Protectionism now has bipartisan support
Over the years, I have participated in several congressional hearings on US-China economic relationships. Just six weeks ago, I testified on this same issue in executive session in front of the Subcommittee on Trade of the US House Ways and Means Committee. This latest hearing in front of the all-powerful Senate Finance Committee was different. I left the Dirksen Senate Office Building convinced that trade sanctions against China are now inevitable. Support is deep and bipartisan. And the experts tell me that the margin of support appears broad enough to be veto-proof in the event that President Bush objects. After years of talk and bluster, protectionism no longer seems like an empty threat. This time, it looks like the real thing. I suspect a protectionist trade or currency bill could become law by year-end 2007.

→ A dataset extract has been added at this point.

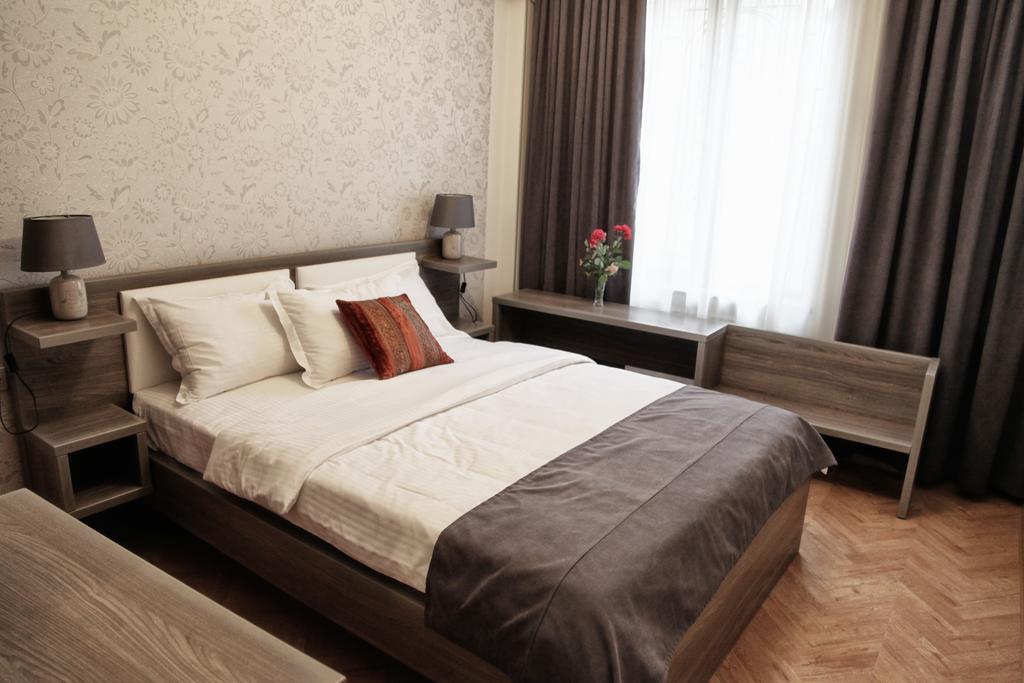 Four Brothers Hotel — Тбілісі, Грузія мініатюра 20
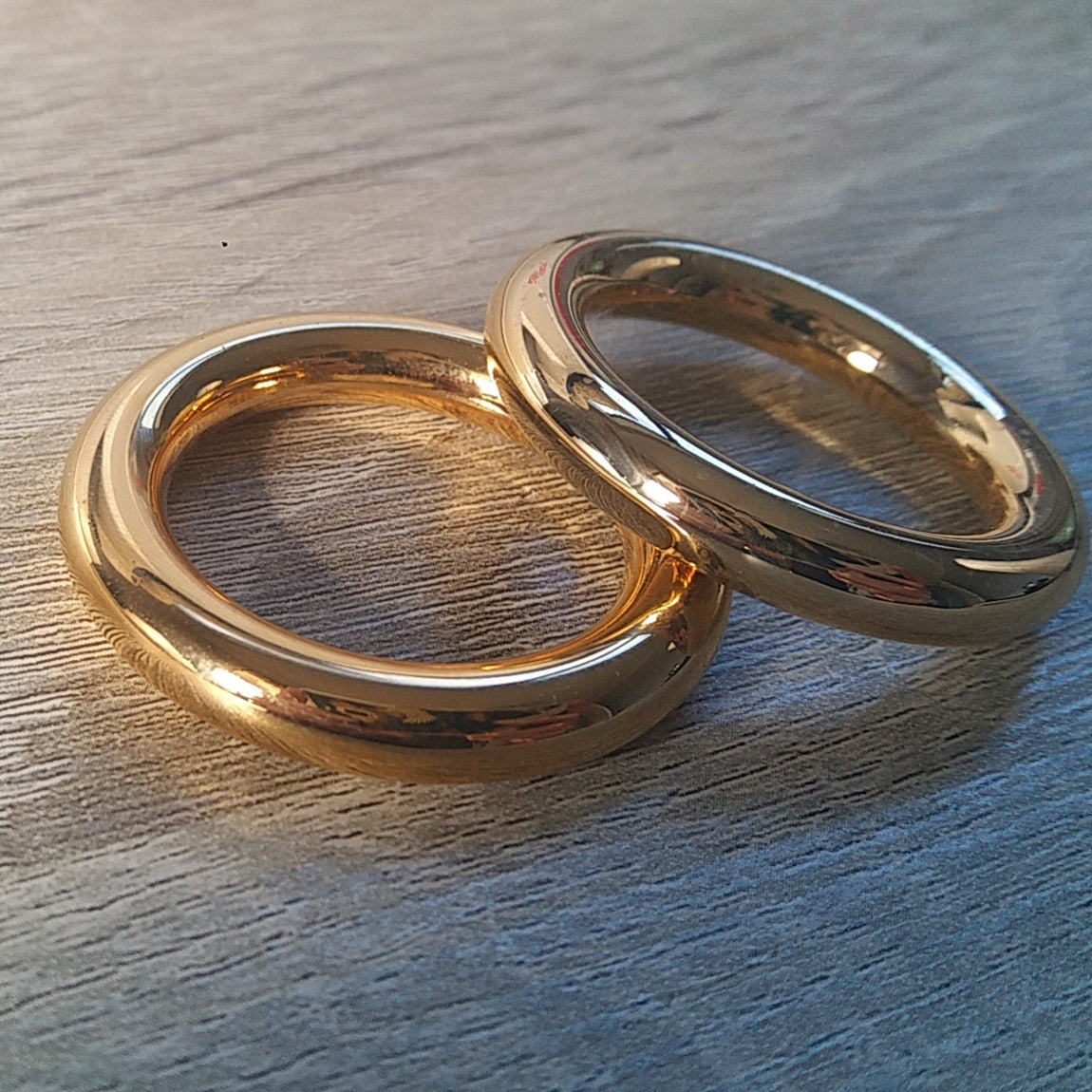 1 x Gold Metal Ring - 1.75" (45mm) wide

This conclusion quickly became evident in the opening minutes of the hearing. An ominous and well-coordinated warning was delivered by two of America's leading China bashers Senators Chuck Schumer (Democrat from New York) and Lindsey Graham (Republican from South Carolina). Their bipartisan teamwork over the past five years has been key in elevating the China debate in the US Congress. They were the co-sponsors of the infamous bill that would have imposed a 27.5% tariff on China as a penalty for maintaining a currency that they believe was undervalued by a like amount. Senator Schumer now admits this proposal was nothing more than a stalking horse to galvanize support from his fellow senators. In his words, "We never intended the original bill to become law. It was a shot across the bow." Yet both he and Graham admit to being stunned when 67 senators voted to support their measure on a procedural action in 2005.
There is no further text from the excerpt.